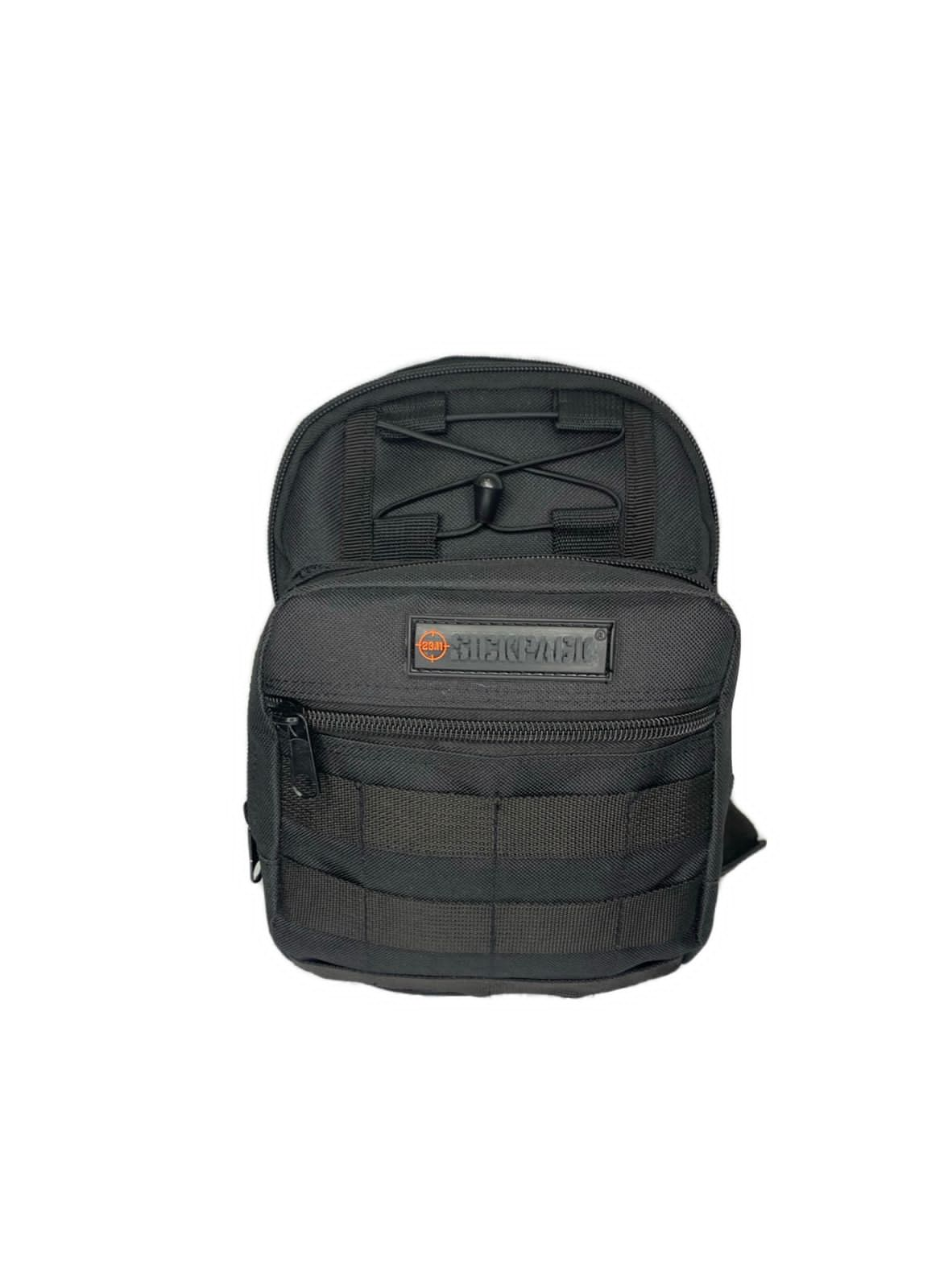 Pechera Tactica Sickpack Ry12 Porta Arma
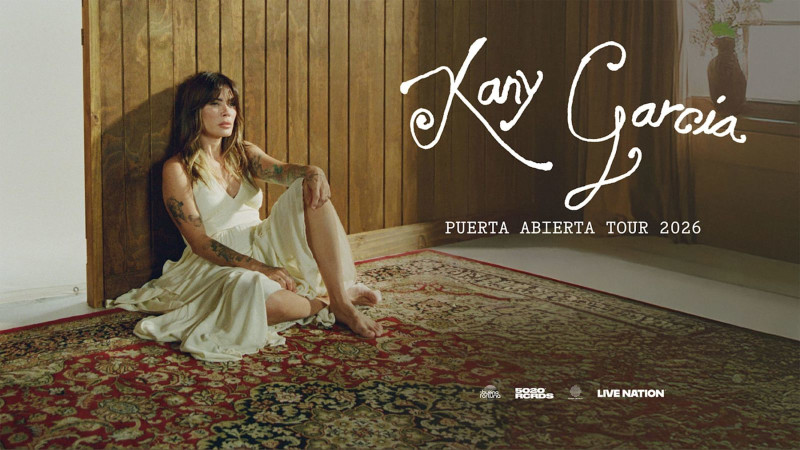 Kany Garcia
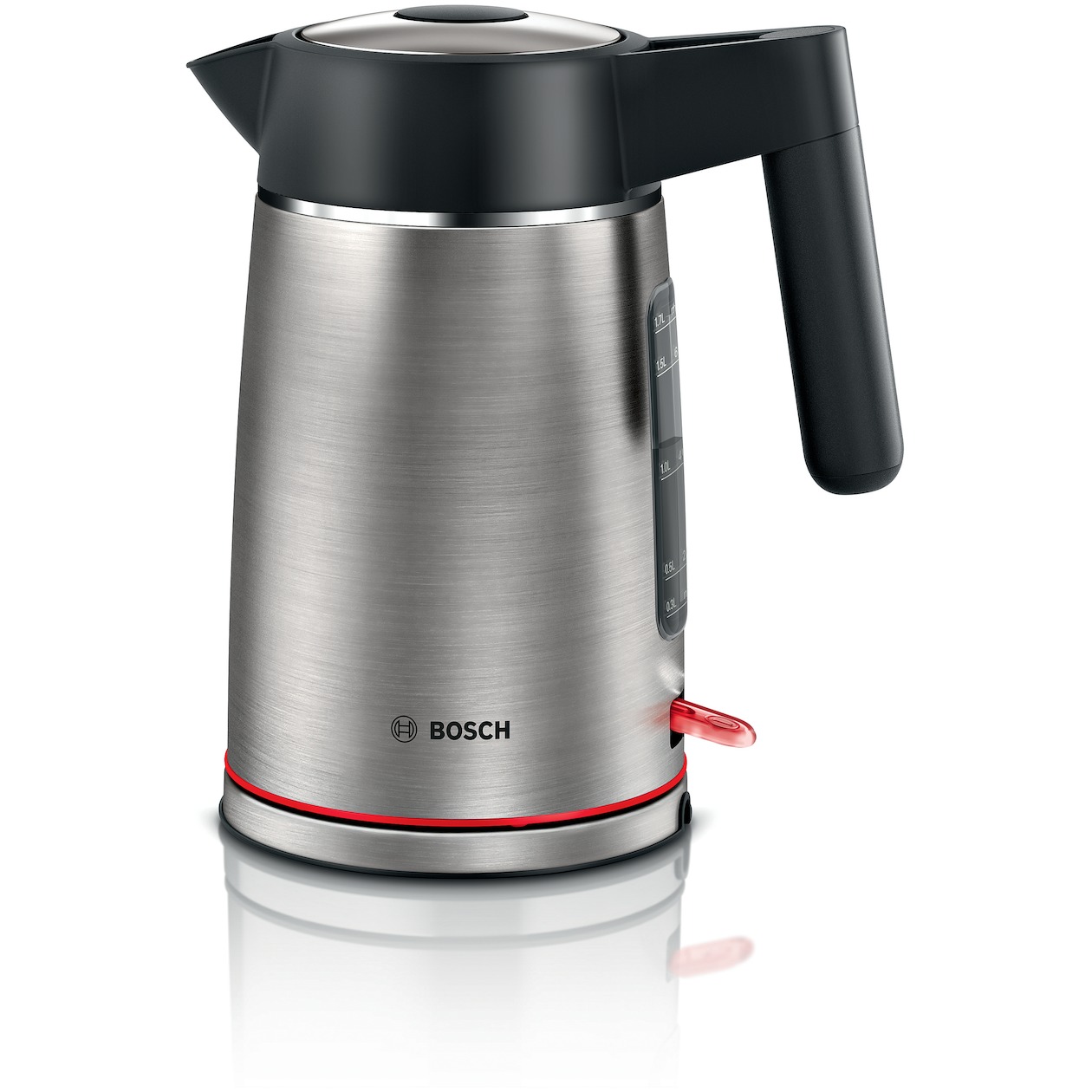 Bosch TWK6M480 Waterkoker Zilver | Bosch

Task goal:
Write out the material above again, word for word, minus its pictures.

Worked solution:
 Pechera Tactica Sickpack Ry12 Porta Arma
 Kany Garcia
 Bosch TWK6M480 Waterkoker Zilver | Bosch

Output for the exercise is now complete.